7.12 DISPUTE RESOLUTION. If the parties ever have a dispute involving their
respective rights and obligations under this Purchase Agreement or any of the
Other Agreements (other than with respect to the final determination of the
amount of the Adjustment), then the parties will resolve such dispute as
follows:
(A) DISPUTE NOTICE. Either Norcross or the Xxxxx Xxxxxxx may at any
time deliver to the other a written dispute notice setting forth a brief
description of the issues for which such notice initiates the dispute
resolution mechanism set forth in this Section 7.12. Such dispute notice
shall also specify the provision or provisions of this Purchase Agreement
and the facts or circumstances that are the subject matter of the dispute.
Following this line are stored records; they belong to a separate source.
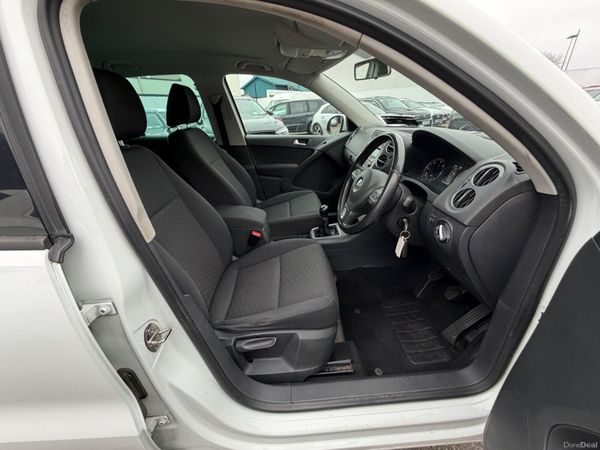 141 VOLKSWAGEN TIGUAN 2.0 TDI 150 —LOW KMS —- 380033015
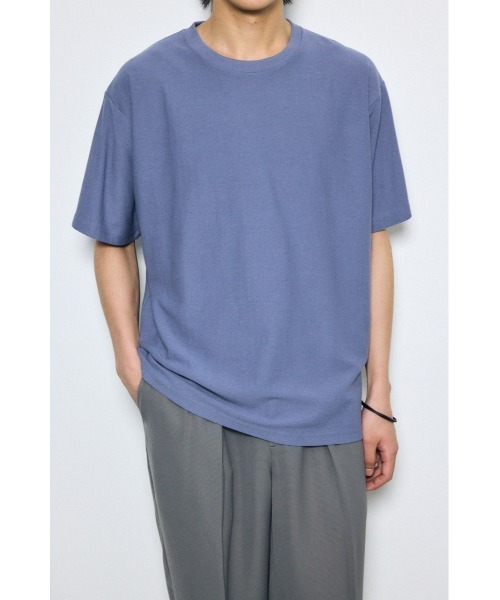 AZUL by moussy(アズールバイマウジー)の「梨地ブークレトップス(Tシャツ/カットソー・メンズ・ブルー/オフホワイト/グレー/イエロー系その他/ブラック・LARGE/MEDIUM/SMALL)」の4枚目の写真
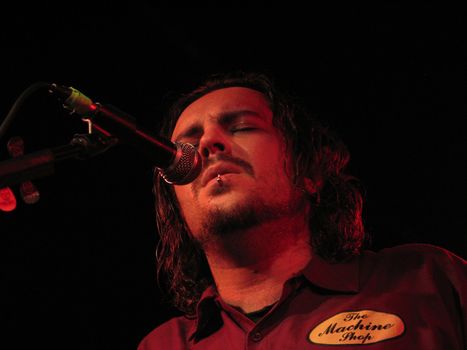 shaun morgan of seether playing in england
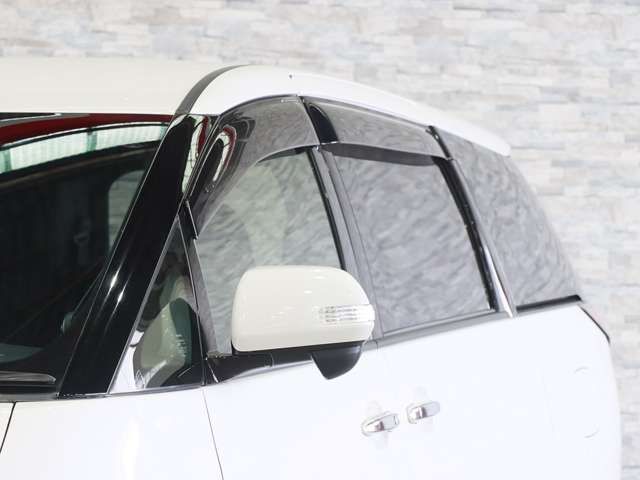 ESTIMA HYBRID 4WD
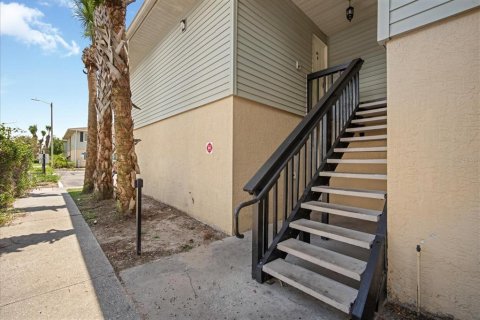 Condominio en venta en Brandon, Florida, 2 dormitorios, 85.28 m2 № 1904398 - foto 1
(B) INFORMAL NEGOTIATIONS. During the 30-day period following
delivery of a dispute notice described in Section 7.12(B), the parties will
cause their representatives to meet and seek to resolve the disputed items
cordially through informal negotiations.
(C) DISPUTE RESOLUTION PROCEEDINGS. If representatives of the parties
are unable to resolve disputed items through the informal negotiations
described in Section 7.12(B), then within 30 days after the informal
negotiation period the parties will refer the disputed issues to a dispute
resolution panel for final resolution as follows:
(1) DESIGNATION OF REPRESENTATIVES. Within seven days after such
informal negotiation period, Norcross and the Xxxxx Xxxxxxx will each
designate one representative to serve on the dispute resolution panel.
(If either party fails or refuses to designate a representative, then
the other party will be entitled to have a representative appointed
for such party by the CPR Institute for Dispute Resolution, New York,
New York.)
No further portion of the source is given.